Someone gently asks: 'How do you explain all of the contradictions in the bible?'

  1. Say incredulously 'What contradictions?' and hope they fall for your bluff. If they actually list any contradictions go to step 2.
  2. Waffle about how 'contradiction' is a difficult word to define. However, if they offer a reasonable definition and apply it to a certain set of biblical texts, go to step 3
  3. Mention their thoughts are wicked and that they must really hate all things righteous (roll your 'r'). If their face starts to harden, go to step 4.
  4. Suddenly and forcefully grab a hold of their head with both hands, and rebuke demons of stupidity (and add generational rebellion, lust, greed and paedophilia for good measure). Then take of your anointed 'mantle' (i.e. your jacket), and thwack them round the abdomen as hard as is righteous.
  5. Walk away from yet another ministry success.

Or, say something like 'Real life is full of contradictions and paradoxes. If the Bible is not merely a collection of abstract philosophical propositions but a collection of books written from the context of and about real life in all its grit and joys, grim and rapture, why, then, should there be no contradictions? Perhaps we should start judging the Bible according to what it is, not what it never was or never claimed to be'



At 11/06/2008 2:32 AM, Anonymous Jim said...

this is fantastic. you're a genius.

At 11/06/2008 4:20 AM, Anonymous Angie Van De Merwe said...

Are you sure that the jacket wasn't like Elijah's mantle?

At 11/06/2008 5:48 AM, Anonymous Sivin Kit said...

This is good stuff before lunch!

At 11/06/2008 7:03 AM, Anonymous Edward T. Babinski said...

Hi Cris, I'm relieved to know that the Bible is "a collection of books written from the context of and about real life." But what about all those "other" books people have written since writing was invented? If the Bible is a book of "real life" then what are all those other books about? "False life?" Or why do you think the Bible is "inspired" more than all the rest? And what percentage of inspiration would you assign to different parts of the Bible itself? Which parts or sections or verses of it appear most inspired to you and least inspired, and can you assign percentage points to those inbetween?

Can we do that with other books as well, agreeing on which sections of a book or paragraphs or sentences appear most and least "inspired?"

At what point has moderate-to-liberal theologizing turned into literary criticism?


But leaving aside moderate and liberal views, what I find most amusing about the inerrantists is their claim that the "original autographs" were without error.
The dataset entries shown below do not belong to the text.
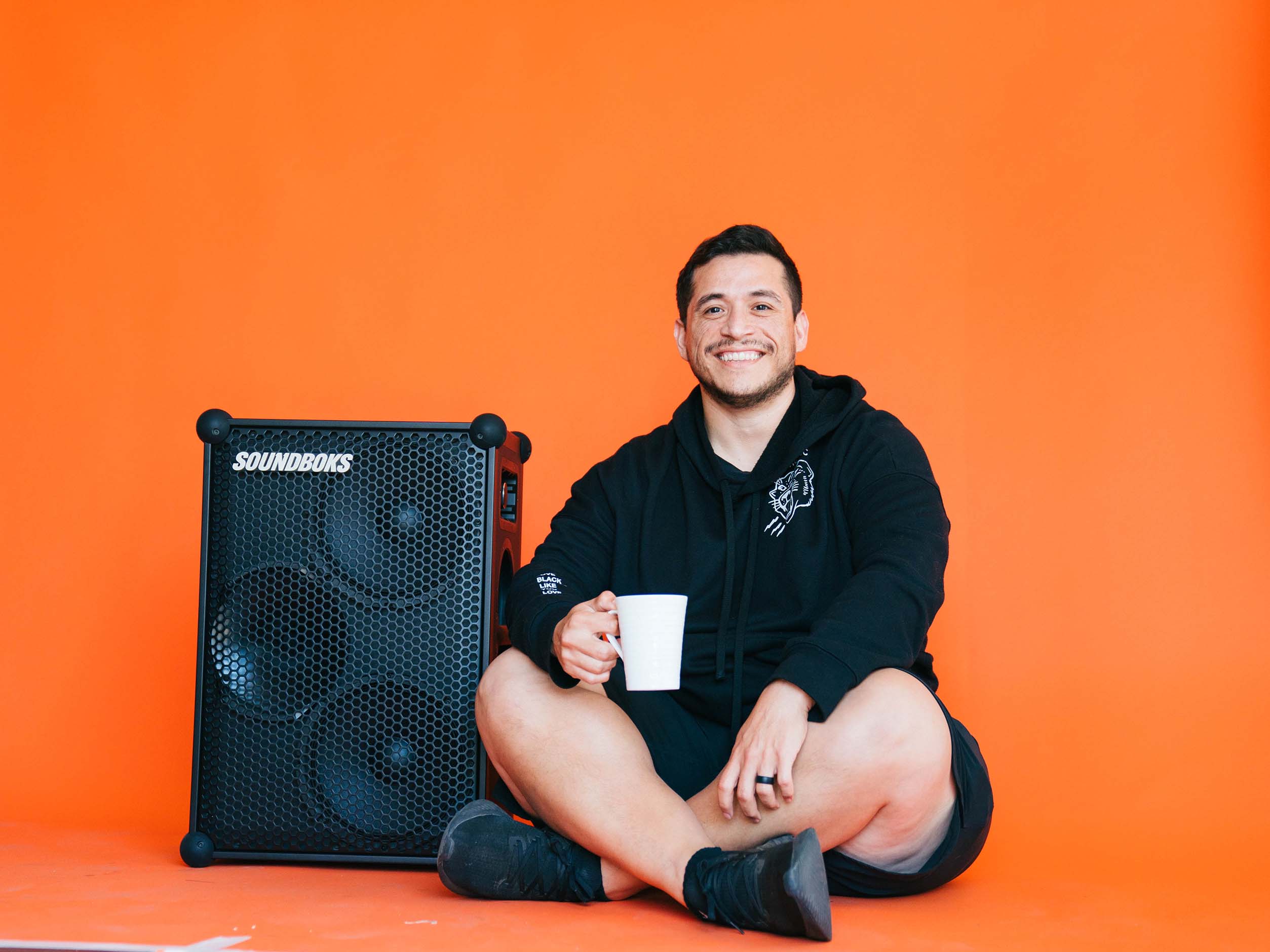 Matthew drinking a cup of coffee next to a SOUNDBOKS speaker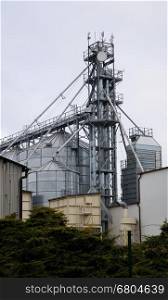 Photo of big factory and grain silos.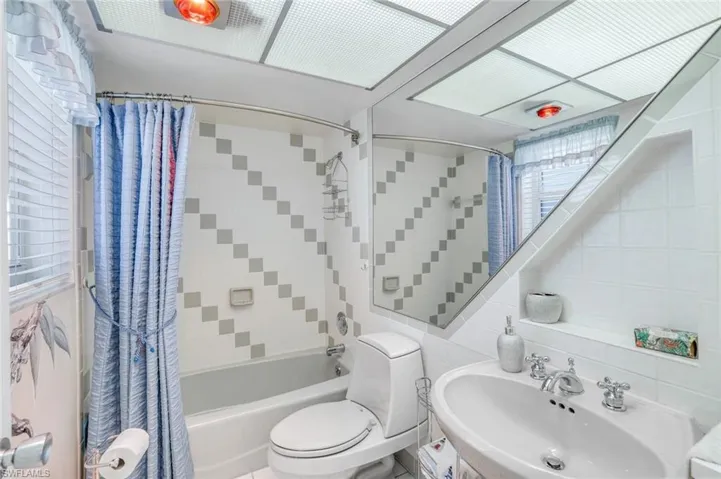 Full bath with tile walls, shower / tub combo, and vanity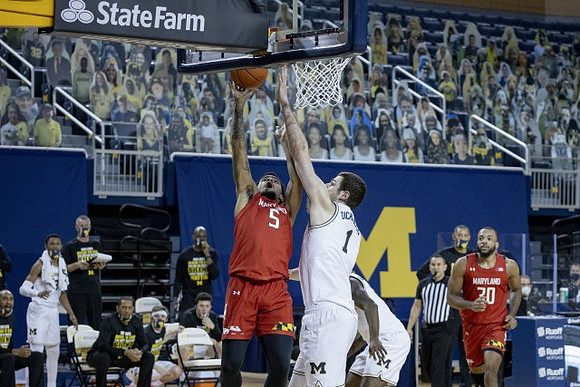 Hunter Dickinson (1) and Chaundee Brown Jr. (15)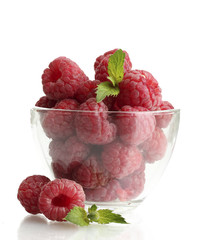 ripe raspberries with mint in glass bowl isolated on white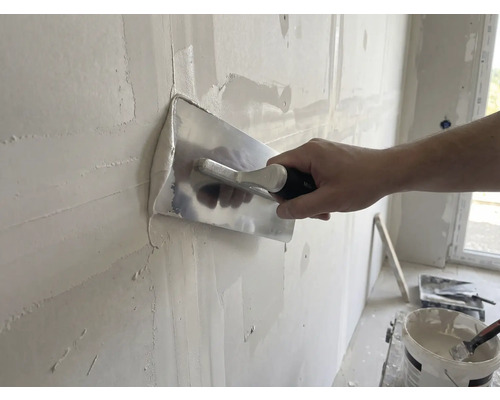 Hantverkare jämnar väggen med spackel och puts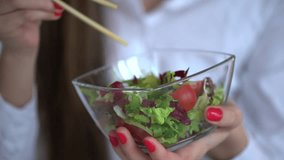 4k video of elegant businesswoman having lunch on her working place. Woman eating vegetable salad in office. 4 k Close-up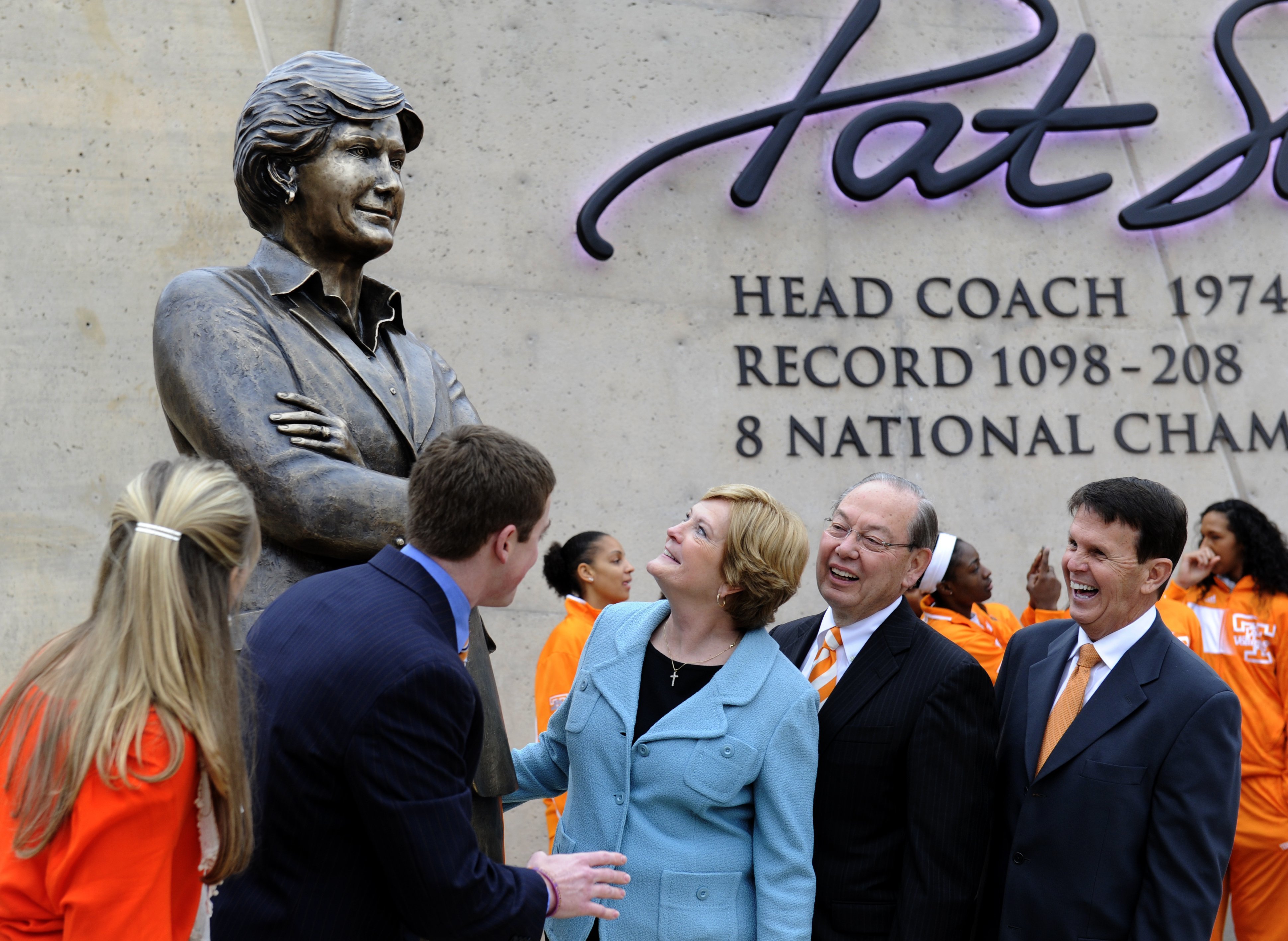 FILE - In this Nov. 22, 2013, file photo, Tennessee women's basketball coach emeritus Pat Summitt, center, looks at the statue unveiled in her honor, in Knoxville, Tenn. With Summitt are, from left, her daughter-in-law AnDe Summitt, son Tyler Summitt, UT Chancellor Jimmy Cheek, and director of athletics Dave Hart. Summitt, the winningest coach in Division I college basketball history who uplifted the women's game from obscurity to national prominence during her career at Tennessee, died Tuesday morning, June 28, 2016. She was 64. (Michael Patrick/Knoxville News Sentinel via AP) MANDATORY CREDIT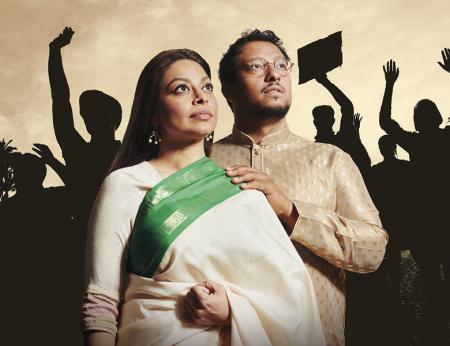 Chasing Hares. From 16th July to 13th August 2022. Image description:  Irfan Shamji and Ayesha Dharker both standing with chins raised, looking into the distance. Behind them there are crowds of people with arms raised as if protesting, with the sky visible in the background.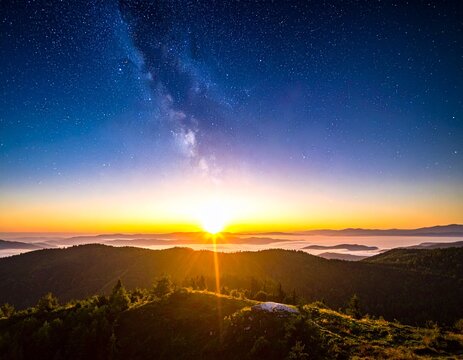 The sun's rays begin to shine through the starry night sky, gradually brightening the sky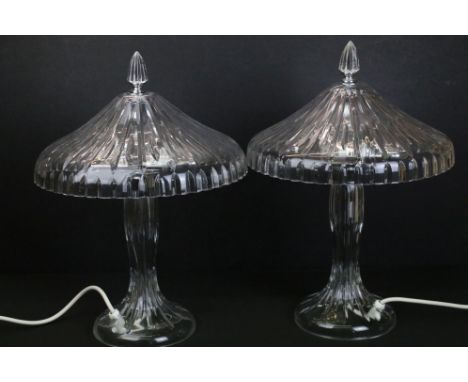 Pair of Waterford Crystal table lamps. Each lamp having finial tops with glass faceted shaped and waisted bodies. Each houses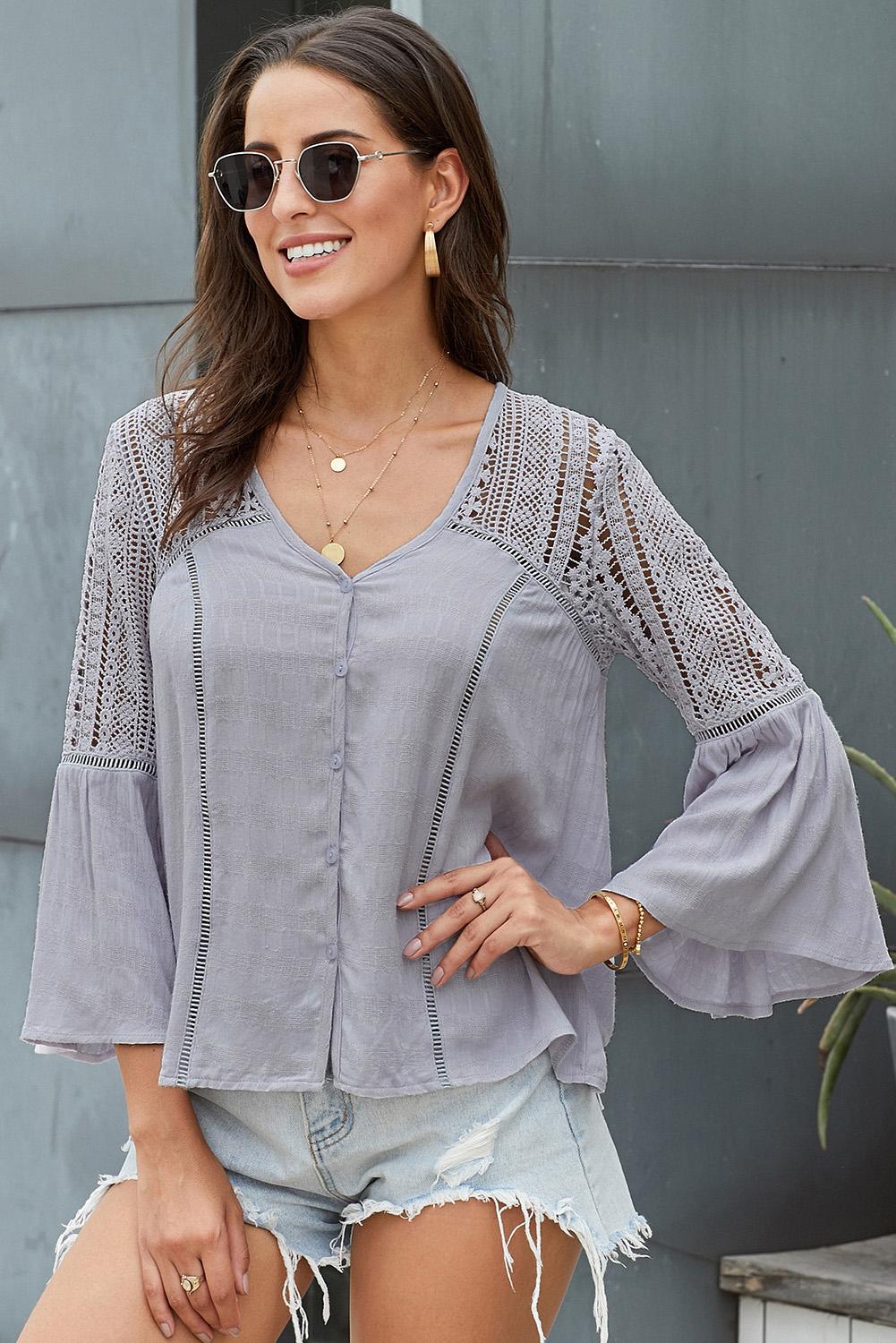 Gray crochet blouse with hollow out detailing and flowy bell sleeves, perfect for spring and autumn wear.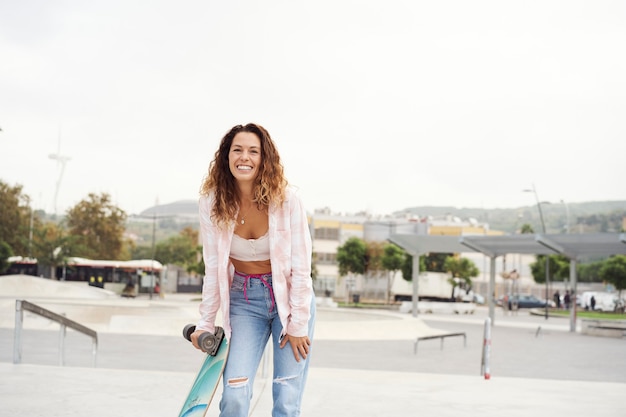 Schönes Mädchen im Park mit einem Skateboard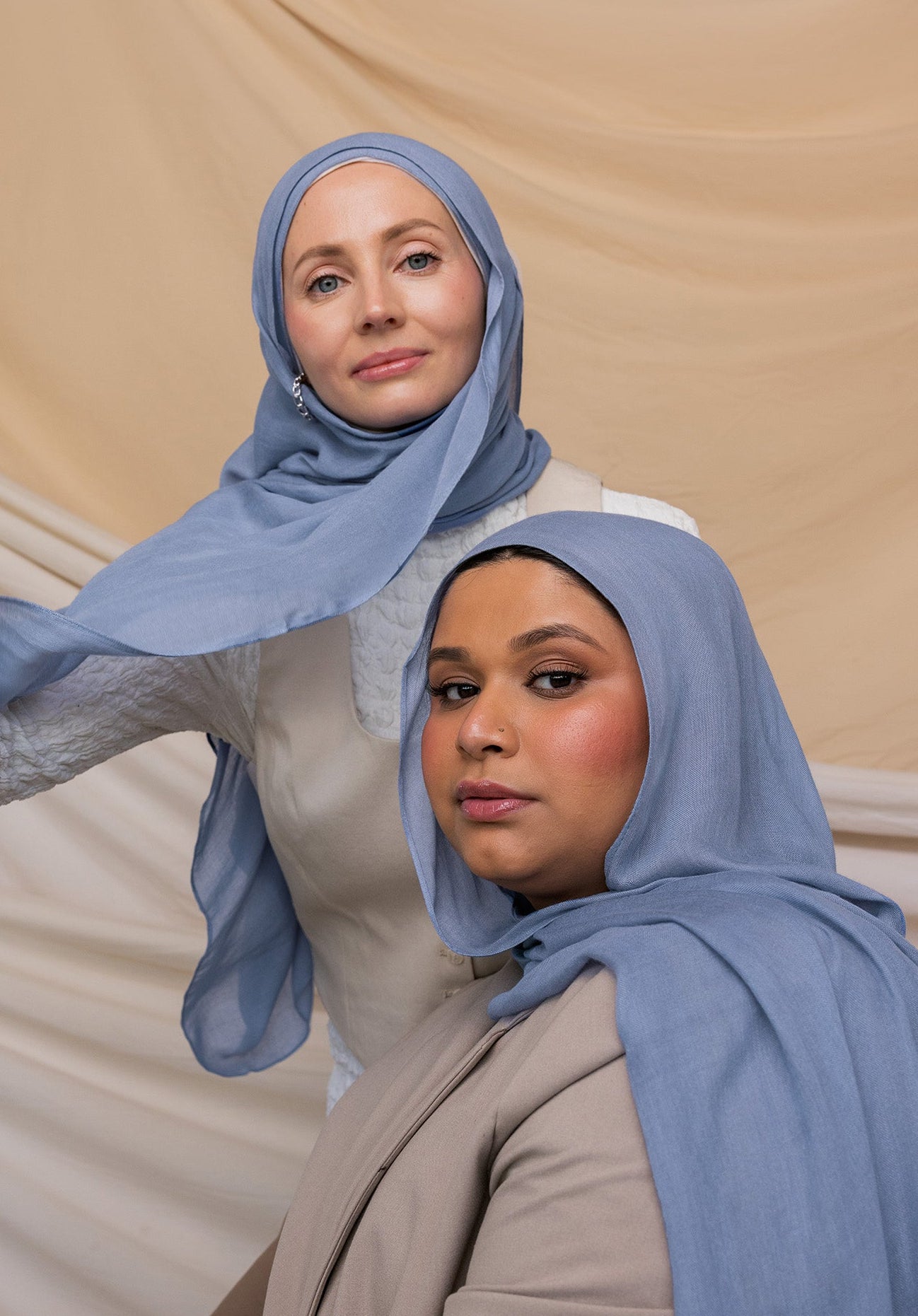 Two women wearing blue hijabs with gray undertones, standing in front of a neutral backdrop.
This is incredibly convenient for them to assert isn't it, since no one has even seen an original autograph. So I guess we can never disprove the "error free" status of them. And how do you know which ancient books were error free? Whichever ones made into the Biblical canon of course!

At 11/06/2008 5:44 PM, Anonymous Josh McManaway said...

My favorite tactic is to carry a very large, heavy Bible where ever I go. If someone brings up the "contradictions", I pull it out as if I'm going to look it up, and when they look at the book too, I smack them over the head yelling, "Contradict this!"

It has proven really successful.

At 11/06/2008 5:58 PM, Anonymous mike devries said...

Conviction by concussion...

At 11/06/2008 9:23 PM, Anonymous Douglas Dobbins said...

I am of one spirit with your motivations, i.e to be true to reality. Yet, as a historian, I disagree with your exegetical conclusions (regarding contradictions). In the end, there are some who doubt the so-called contradictions, not because a philosophical apriori, but because of exegesis.

At 11/06/2008 11:43 PM, Anonymous steph said...

"Real life is full of contradictions..." No it's not. Name them!! :-)

At 11/07/2008 3:08 AM, Anonymous E said...

Life would be so much easier if we only had one Gospel instead of four. Then we could say, with absolute asssurance, e.g.:

"The Last Supper was a Passover Seder and occurred on Passover eve."

"The disciples saw the fig tree wither immediately, and didn't have to wait until the next day to notice it."

"We know exactly what Jesus said while He was on the cross."

"We know with certainty who first came to the tomb and what they saw."


I.e., one Gospel = no contradictions. Voila!

At 11/07/2008 4:09 AM, Anonymous Weekend Fisher said...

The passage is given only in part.